The security challenges are considerable, said Stephen Lucas, chief engineer at CERDEC’s Information Assurance Division. “Everybody can be a router in these types of networks, so issues of trust and determining who can be a user are a big concern for us,” he added.
In a wired setting, military networks often verify access rights against a centralized database or directory. Authorized users are given a Common Access Card containing a cryptographic key that they use to authenticate themselves to the network. Security keys can also be built into devices such as radio handsets rather than issued to specific users.
But in a wireless setting in which the only link to centralized information resources is via satellite, looking up security credentials would be too slow and expensive, Lucas said. One of his major efforts in the past year has been to develop a decentralized security and authentication scheme, which is now being incorporated into the Army’s Future Combat Systems program.
Instead of relying on cryptographic keys issued by a central authority, the ideal system would issue keys and authenticate them locally. However, that approach carries its own risks because it moves a crucial piece of the security infrastructure into the field.
“These are trusted systems so we don’t want them to fall into the wrong hands,” Lucas said. “We have to do a lot of trade-offs coming up with the acceptable levels of risk we’re going to assume when we deploy these networks.”
In the first place, establishing the relationship among keys, devices and individuals is much tougher when users roam around on a battlefield, Lucas said. “They may lose connectivity at different moments in the mission, and then you have to determine did their link just fade out. Or were they overrun? Was that node physically captured? Do we need to get that node off the network? And that’s very hard to do.”
CERDEC researchers also contributed to defining the Soldier Radio Waveform, the infantry communications protocol for JTRS, and they support the command, control, communications, computers, intelligence, surveillance and reconnaissance On-The- Move test bed program for the new technologies at Fort Dix, N.J.
Meanwhile, as developers prepare those technologies for deployment, independent research and development projects elsewhere are seeking other alternatives.
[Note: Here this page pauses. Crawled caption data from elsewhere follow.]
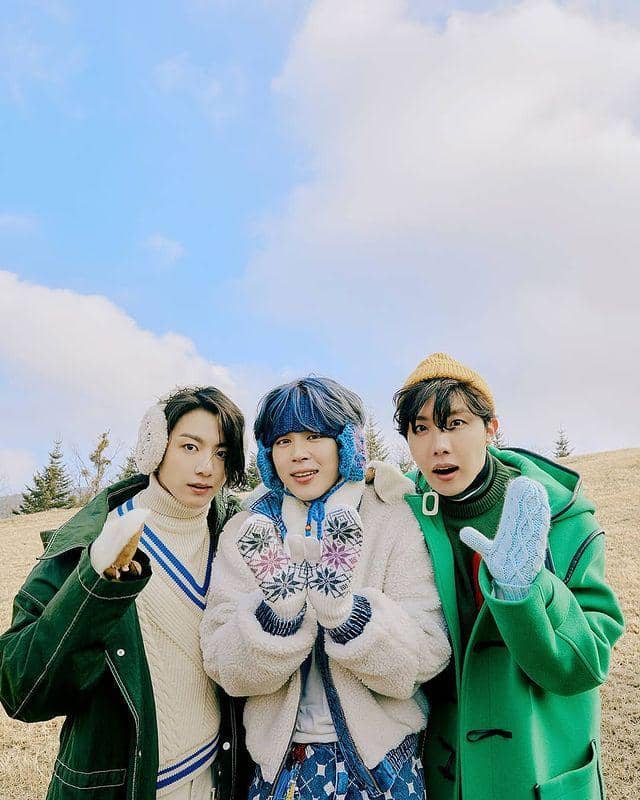 twitter.com/bts_bighit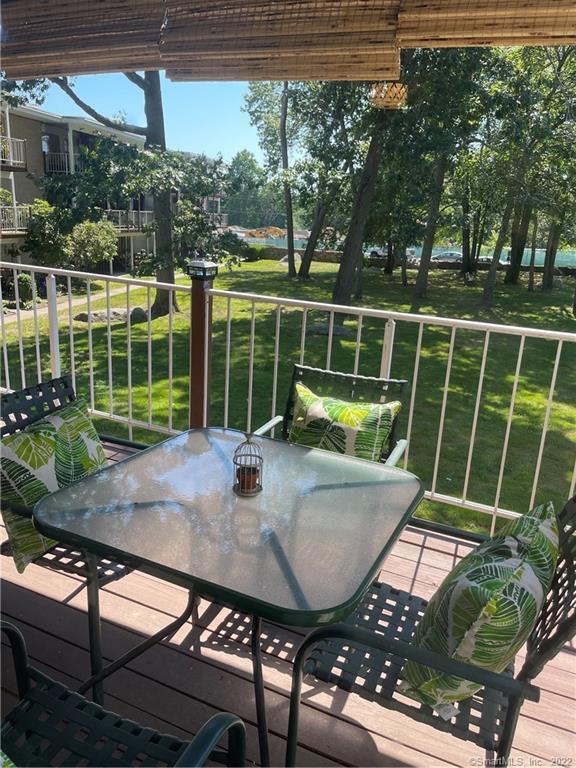 281 Gardner Avenue New London CT 06320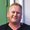 Photo of Scotty M.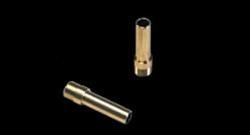 DRT-63121210, Dart Valve Guides 63121210 في الإمارات, دبي. Condition - new. Price 70 AED. Photo, seller contacts | AUTO.AE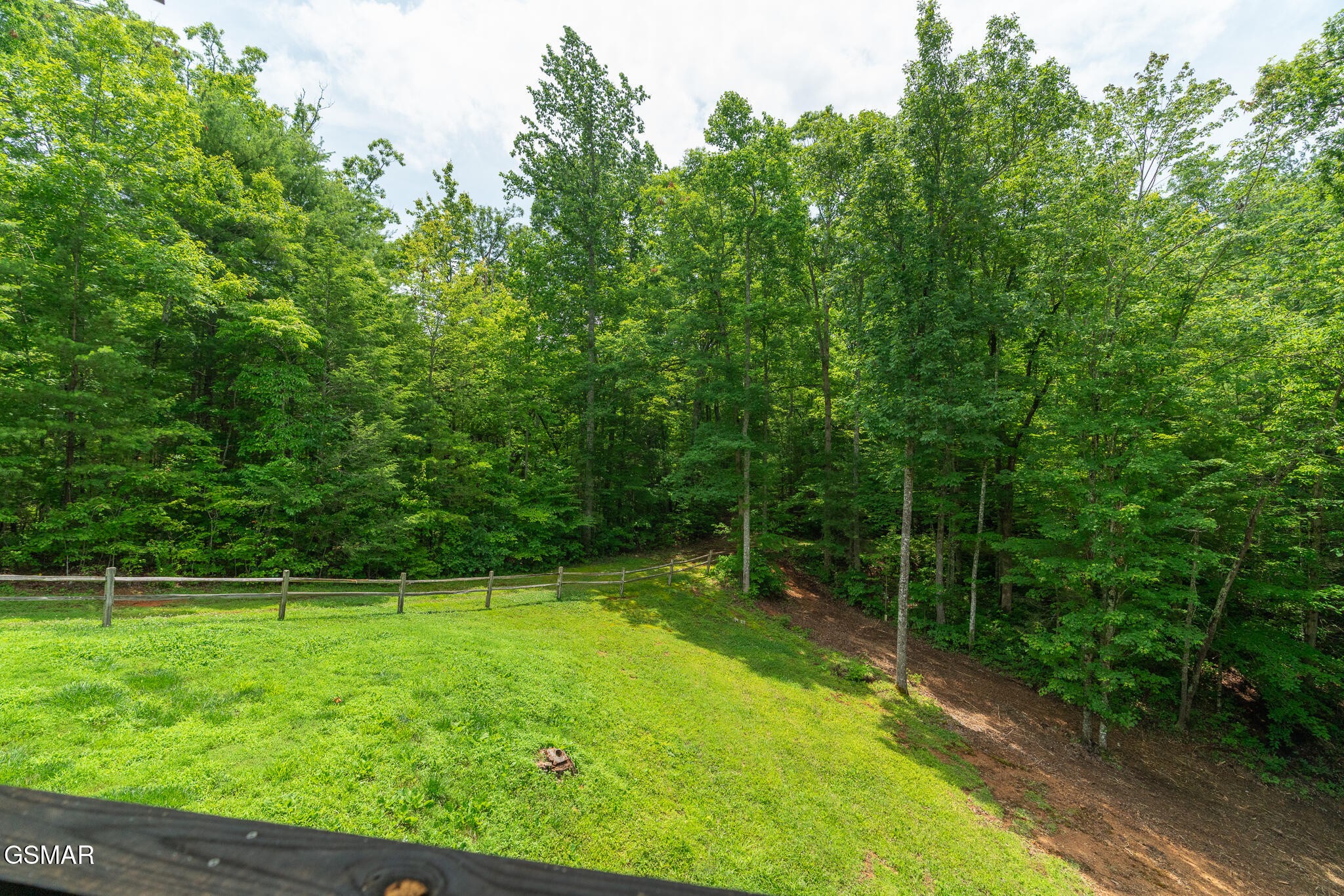 1948 Grouse Top Road Walland, TN 37886 - Photo 42 of 57 Gallery Image 42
For example, under a $1.4 million DOD grant, the Navy is working with Fortress to create a prototype Manet whose nodes could communicate via a variety of radio frequency protocols. It would also use what the company promises will be superior routing algorithms.
Roger Kuhn, a Coast Guard reservist and the senior project engineer overseeing the Navy initiative, said the company was able to secure a grant from DOD’s Quick Reaction Fund, which seeks to speed the development of commercial technologies that can benefit the military by streamlining the procurement process. If the prototype lives up to expectations, Fortress will have an opportunity to sell or license the resulting technology.
Kuhn said the goal is to create a model for Manet nodes that can communicate with one another regardless of whether they connect via an 802.11 Wi-Fi link, a longer-range WiMax connection or a military radio frequency.
Magued Barsoum, Fortress’ chief technical officer, said the company’s wireless nodes would not only see other Fortress nodes but also other data radio technologies in the area.
“We create adjacency to everybody we can see and then figure out what is the best path to reach the ultimate destination,” he said. “We constantly evaluate what is the best path and keep track of all those adjacent nodes so that if one goes away, we always have a backup.”
He said he hopes to demonstrate prototypes based on the Fortress ES520 wireless bridge by the end of the year, with a software upgrade to support the new capabilities available commercially in 2009.